Exercise prompt: Repeat the listing below exactly. Pictures do not belong in the copy.

Material supplied:
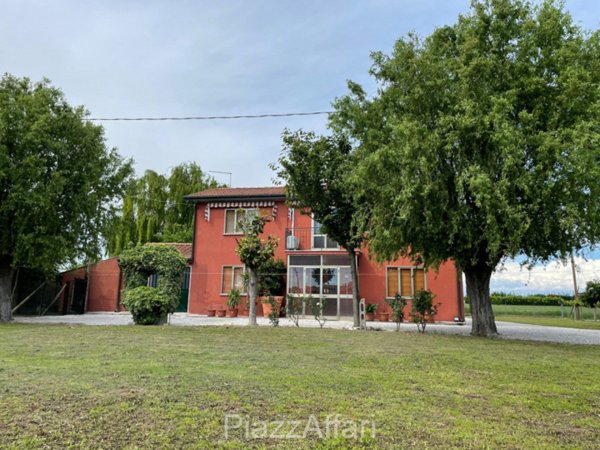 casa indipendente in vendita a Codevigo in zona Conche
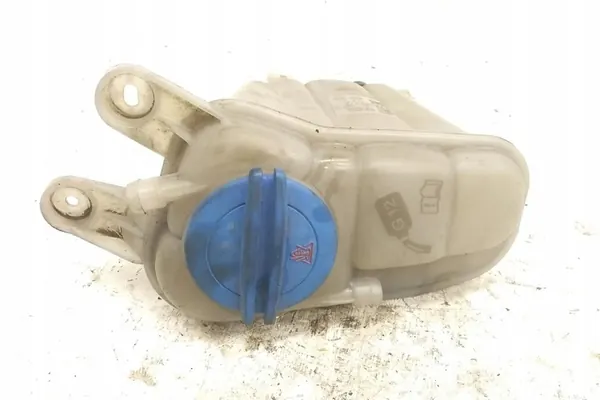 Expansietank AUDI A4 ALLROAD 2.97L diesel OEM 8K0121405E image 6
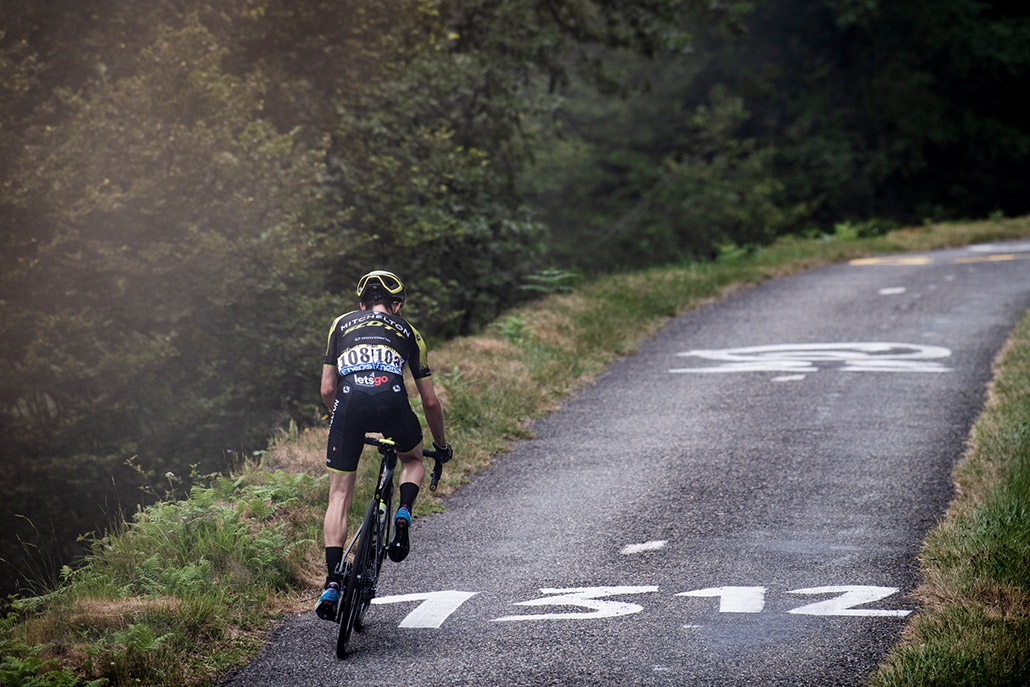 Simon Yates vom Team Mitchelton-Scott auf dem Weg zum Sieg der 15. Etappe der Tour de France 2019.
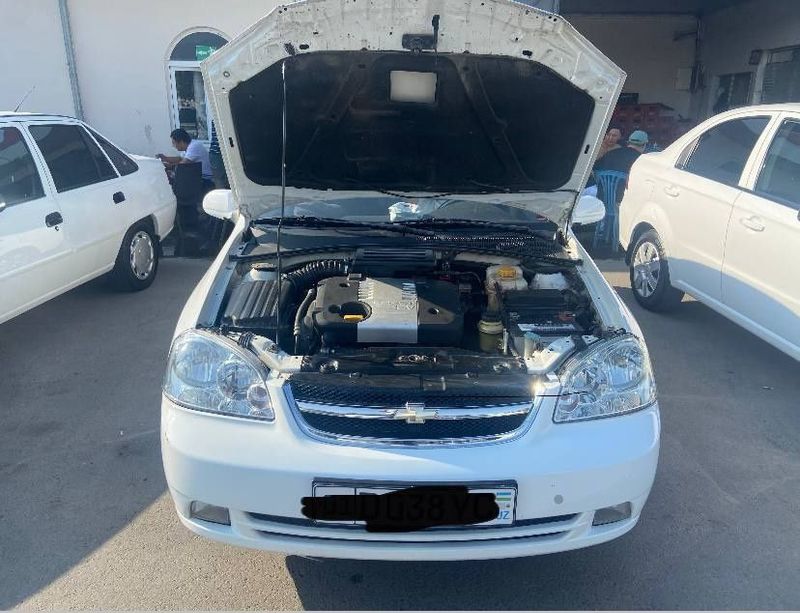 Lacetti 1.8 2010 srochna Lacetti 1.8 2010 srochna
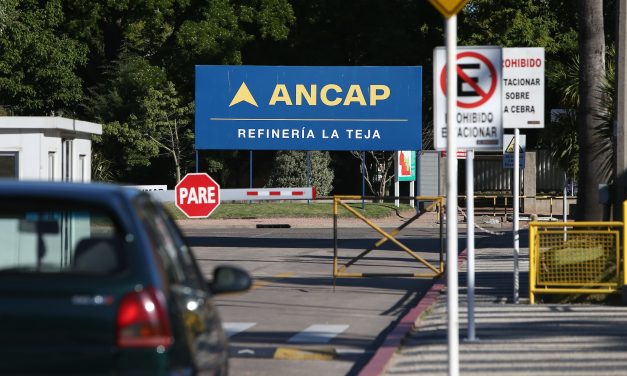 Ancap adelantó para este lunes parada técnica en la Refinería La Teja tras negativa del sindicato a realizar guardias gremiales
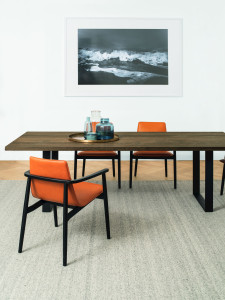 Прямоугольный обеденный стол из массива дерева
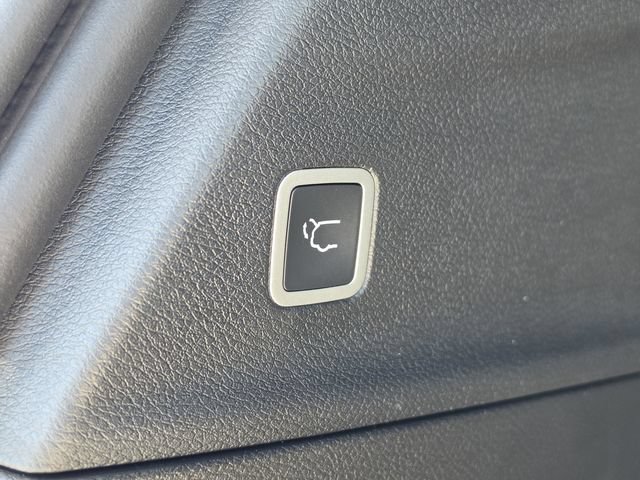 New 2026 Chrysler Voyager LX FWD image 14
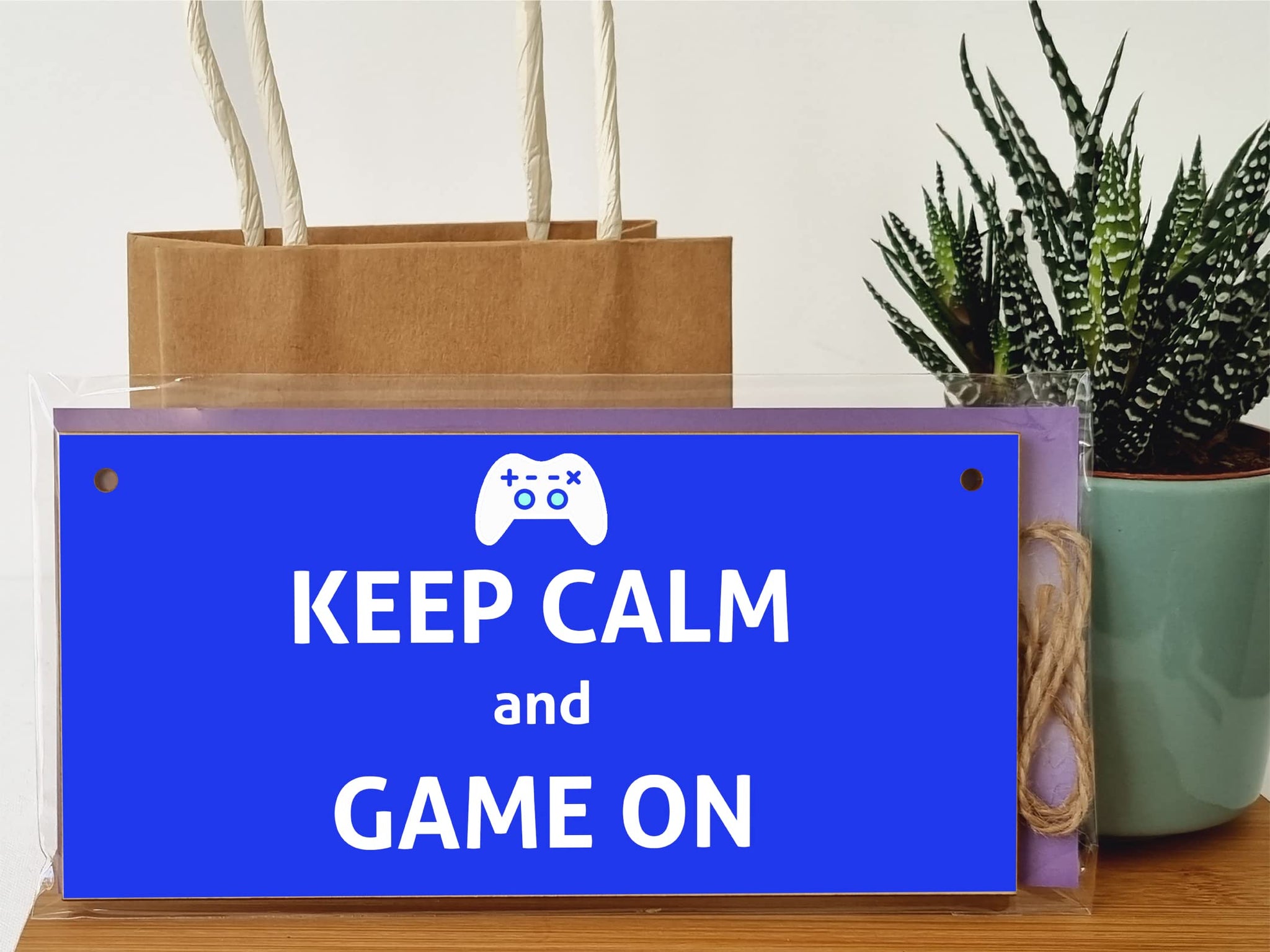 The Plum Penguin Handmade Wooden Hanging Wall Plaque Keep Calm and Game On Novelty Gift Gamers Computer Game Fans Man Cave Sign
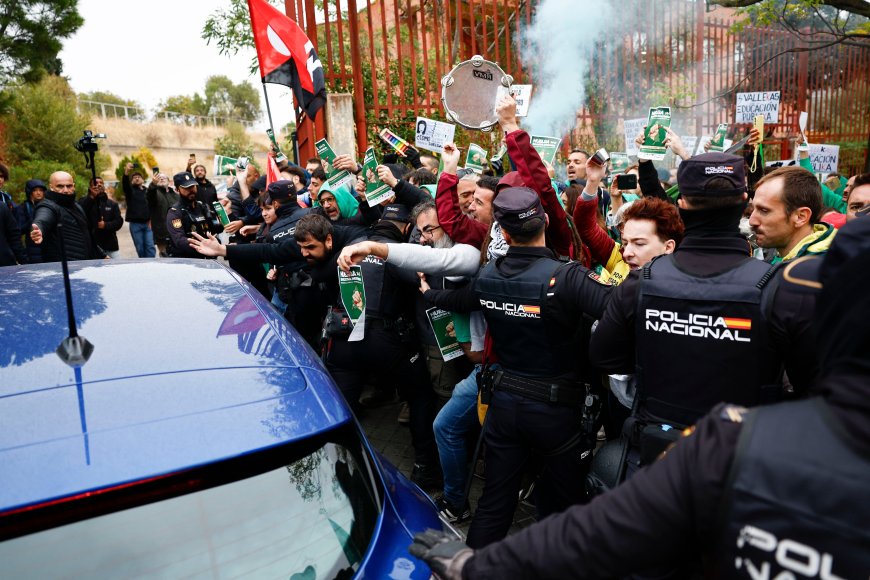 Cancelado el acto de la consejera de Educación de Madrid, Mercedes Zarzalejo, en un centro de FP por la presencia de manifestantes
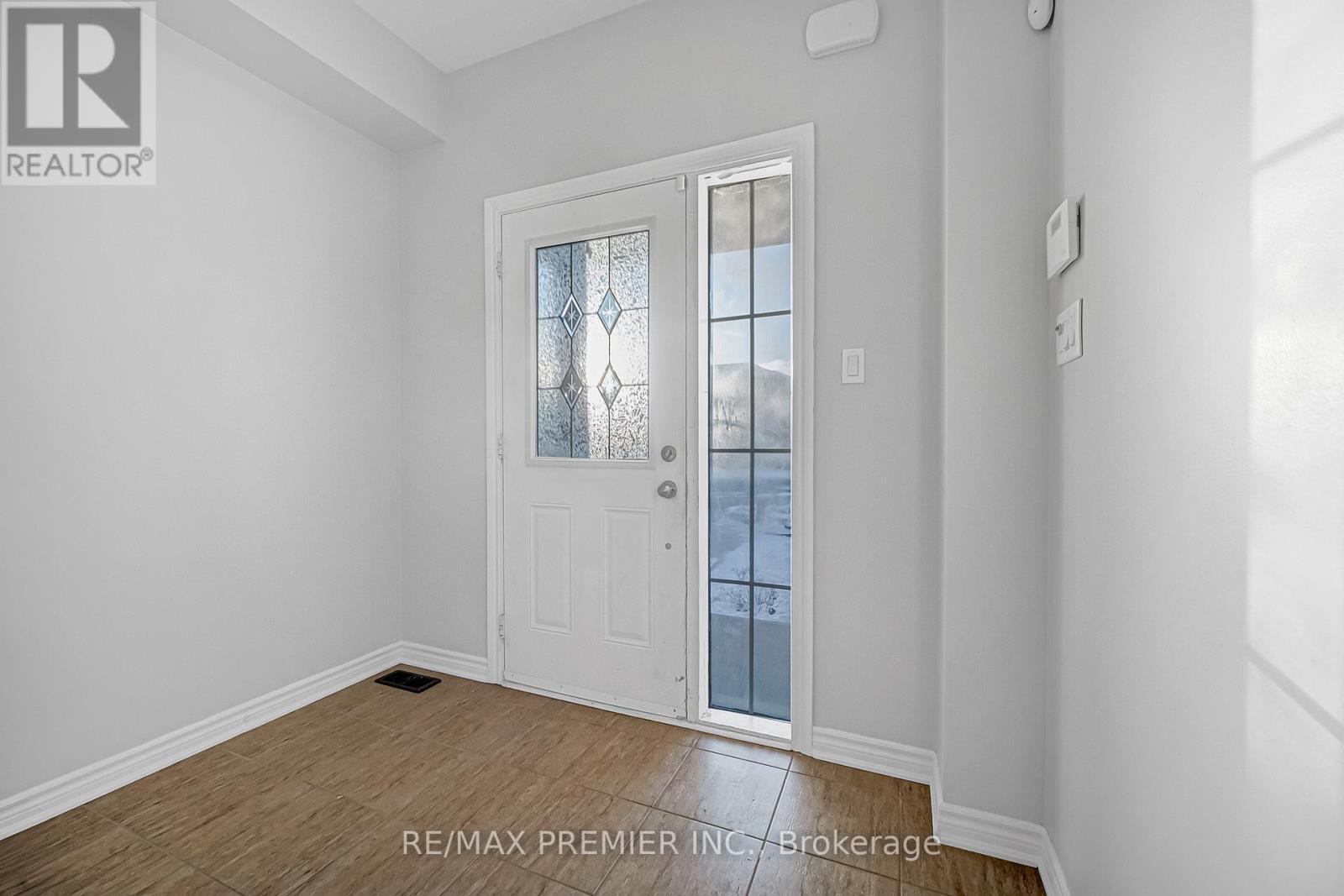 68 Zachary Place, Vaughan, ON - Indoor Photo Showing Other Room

Solution below:
 casa indipendente in vendita a Codevigo in zona Conche
 Expansietank AUDI A4 ALLROAD 2.97L diesel OEM 8K0121405E image 6
 Simon Yates vom Team Mitchelton-Scott auf dem Weg zum Sieg der 15. Etappe der Tour de France 2019.
 Lacetti 1.8 2010 srochna Lacetti 1.8 2010 srochna
 Ancap adelantó para este lunes parada técnica en la Refinería La Teja tras negativa del sindicato a realizar guardias gremiales
 Прямоугольный обеденный стол из массива дерева
 New 2026 Chrysler Voyager LX FWD image 14
 The Plum Penguin Handmade Wooden Hanging Wall Plaque Keep Calm and Game On Novelty Gift Gamers Computer Game Fans Man Cave Sign
 Cancelado el acto de la consejera de Educación de Madrid, Mercedes Zarzalejo, en un centro de FP por la presencia de manifestantes
 68 Zachary Place, Vaughan, ON - Indoor Photo Showing Other Room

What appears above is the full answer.